Michael Prochak revels in the fun factor.
If you really want a creative approach to multimedia, get under-16s on your development team." That was the verdict of Jon Baldachin, technical director at First Information Group on seeing the output of students who took their ideas and let them run.
He was looking at entries to the multimedia competition sponsored by Radius and The TES earlier this year in association with Apple Computer, Adobe, Macromedia, First Information and Aardman Animations.
It was clear that today's students understand the elements of design and technology that make interactive visibility possible and desirable.
Like any good multimedia event, the competition gave emphasis to design, imagination, creativity and the ability to communicate ideas clearly. Entries were judged on their choice of subject matter, multimedia potential, structure and presentation and each was also awarded an overall "fun" rating. All entries exhibited a remarkable freshness of imagination and explored a range of ideas with an uncanny ease and understanding of content and technology that is so often lacking in many big-budget commercial titles.
Paul Hatlee, Ian Mercer, Luke Oram, David Pryde and Martin Thornell from Sir Bernard Lovell School in Bristol were responsible for the under-16s winner "Encounter". This turned traditional geography into an imaginative interactive game featuring an "alien" explorer that wouldn't look out of place in Deep Space 9. Fun content was high.
First prize in the over-16 category was won by Malvern Girls College for their idea of "showing off" their school through an interactive prospectus designed to capture what they saw as the "real essence and spirit of the school" through video, interviews and photographs.
Nur-Run Hussein, Rina Adam and Palawi Bunnag worked through lunch breaks and evenings on their project, which included an attractively designed and illustrated storyboard detailing every aspect of how the proposed CD-Rom should be structured and how users would be able to interact with it. As part of their prize, the Malvern team will work with First Information Group to turn their idea into an actual CD-Rom disc.

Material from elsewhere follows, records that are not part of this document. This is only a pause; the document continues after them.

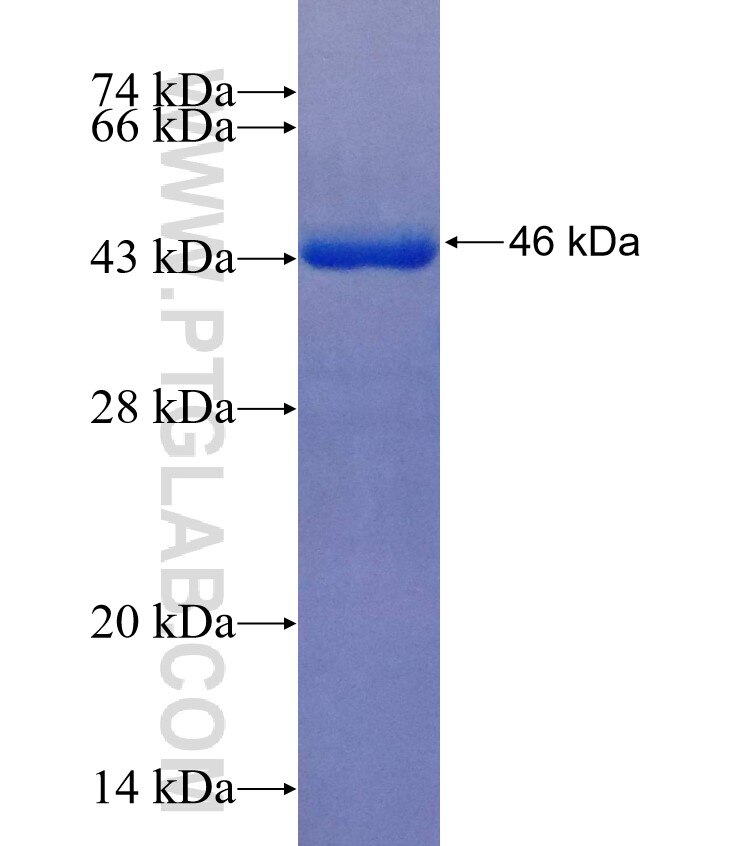CXCL9 fusion protein Ag25992 SDS-PAGE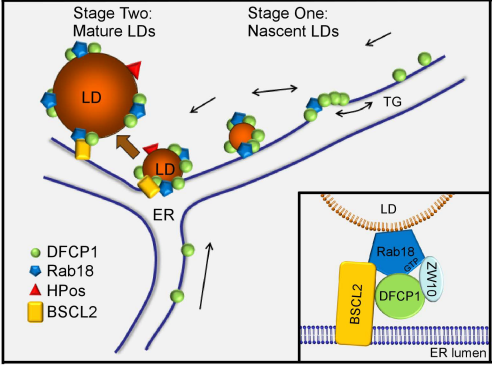 ER-localized Protein DFCP1 Modulates ER-Lipid Droplet Contact Formation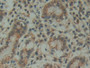 DAB staining on IHC-P; Samples: Human Stomach Tissue; Primary Ab: 10µg/ml Rabbit Anti-Human FAM3D Antibody Second Ab: 2µg/mL HRP-Linked Caprine Anti-Rabbit IgG Polyclonal Antibody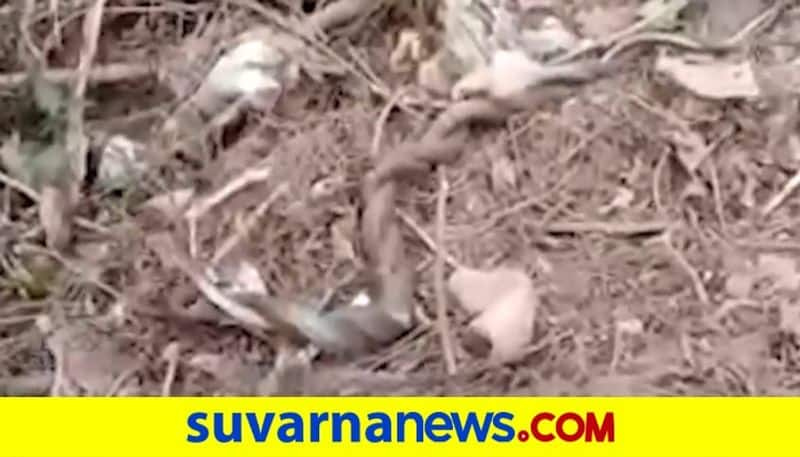 Rare Video of Snake Mating in Chikkamagalur Goes Viral akb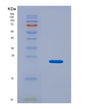 SDS-PAGE analysis of Human ITGB8 (Integrin Beta-8) - Recombinant Protein, CAT# BLT-08647P showing >90% purity under 15% SDS-PAGE (Reduced)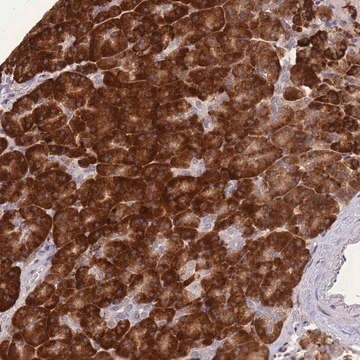 Anti-FAM153B antibody produced in rabbit, 100 µL (HPA046691-100UL)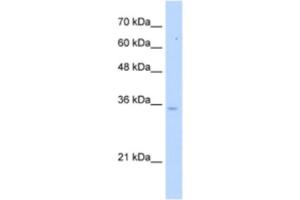 Western Blotting (WB) image for anti-Pyrophosphatase (Inorganic) 1 (PPA1) antibody (ABIN2463179) (Pyrophosphatase (Inorganic) 1 (PPA1) Antikörper)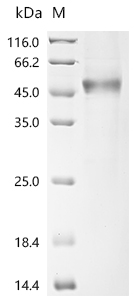 Recombinant Human Secreted and transmembrane protein 1 (SECTM1), partial, Biotinylated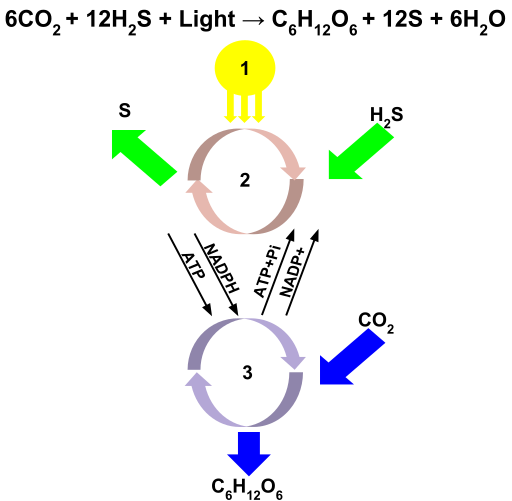 File:Anoxygenic Photosynthesis in Green Sulfur Bacteria.svg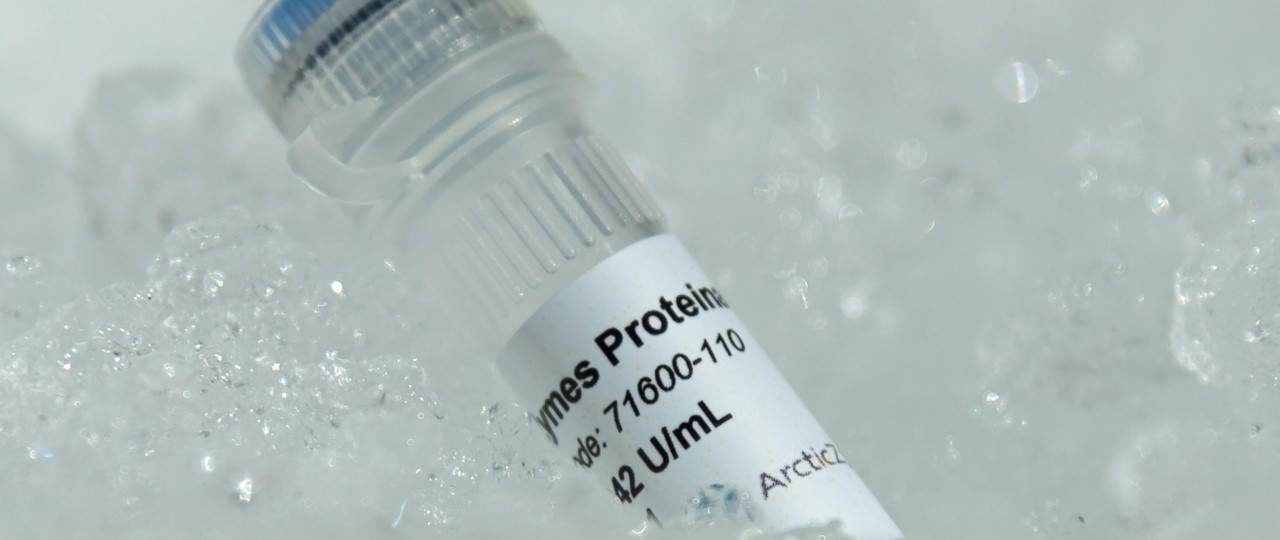 ArcticZymes Proteinase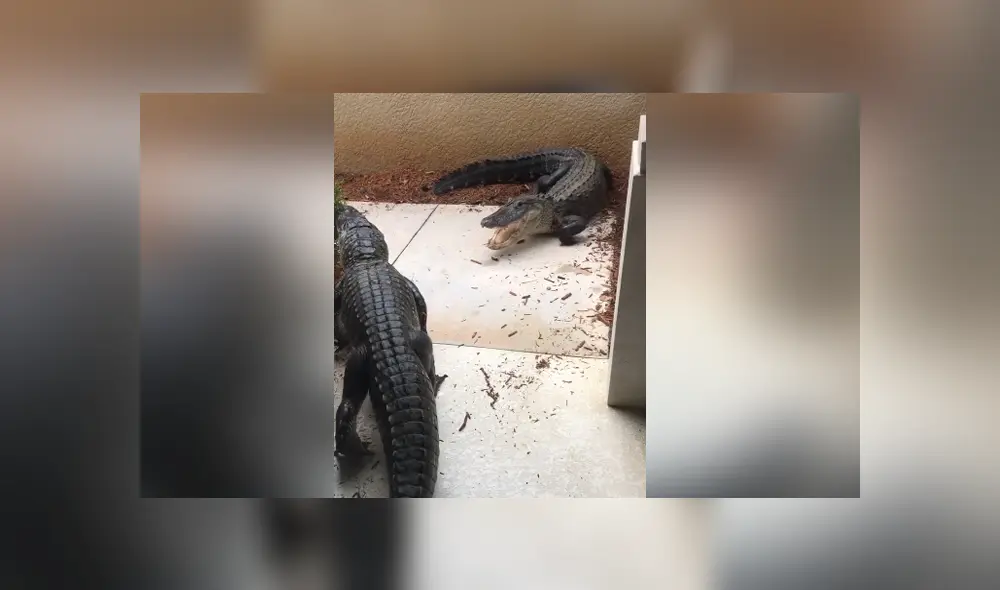 A través de Facebook se ha vuelto viral el aterrador momento en que dos cocodrilos pelean en la puerta de una casa. A través de Facebook se ha vuelto viral el aterrador momento en que dos cocodrilos pelean en la puerta de una casa.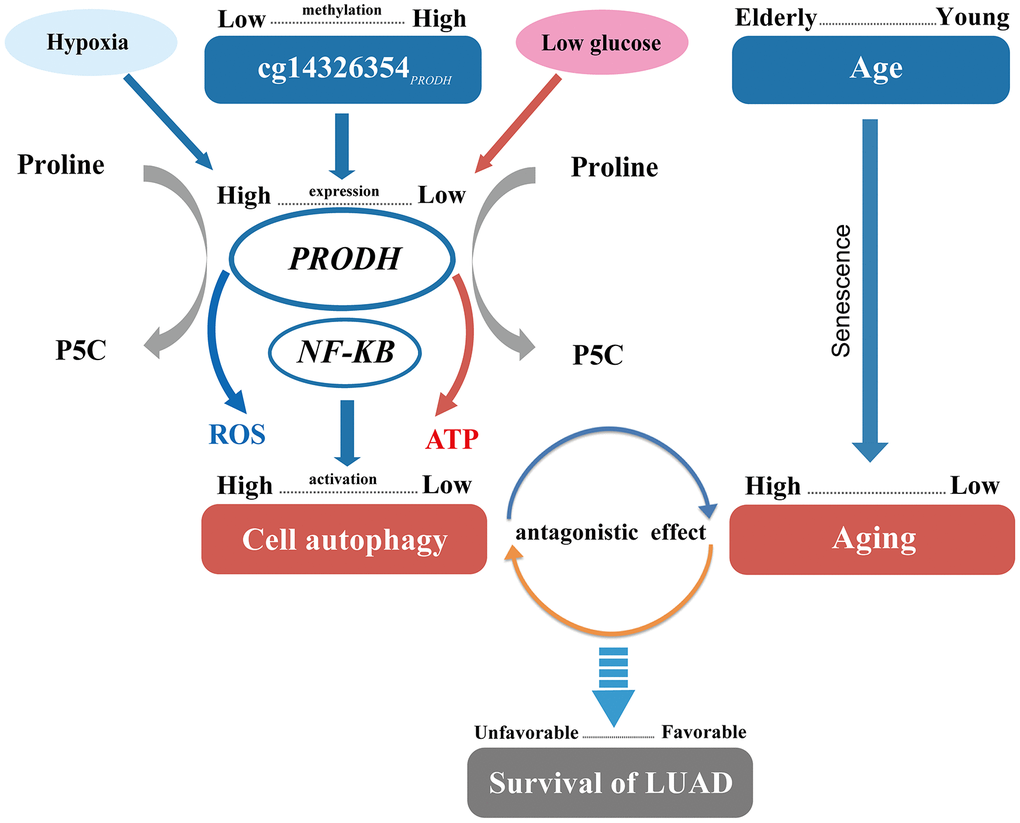 Pathway of DNA methylation–age interaction effect on survival of lung adenocarcinomas (LUAD) patients.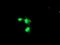 Negative Regulator Of Ubiquitin Like Proteins 1 antibody, MA5-26392, Invitrogen Antibodies, Immunocytochemistry image 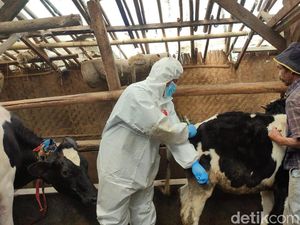 Virus LSD Menggila, 18 Ekor Sapi di KBB Terpapar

Runner-up prizes were awarded to Frank Wise School for children with learning difficulties, Hookergate School in Rowlands Gill, Tyne and Wear, and South Thames College. Since all entries displayed a high level of thought and creativity, the judges awarded certificates of commendation to Lakenheath American middle school, Norfolk, Maru-a-Bula school in Botswana and St Joseph's school, Warrington, Cumbria.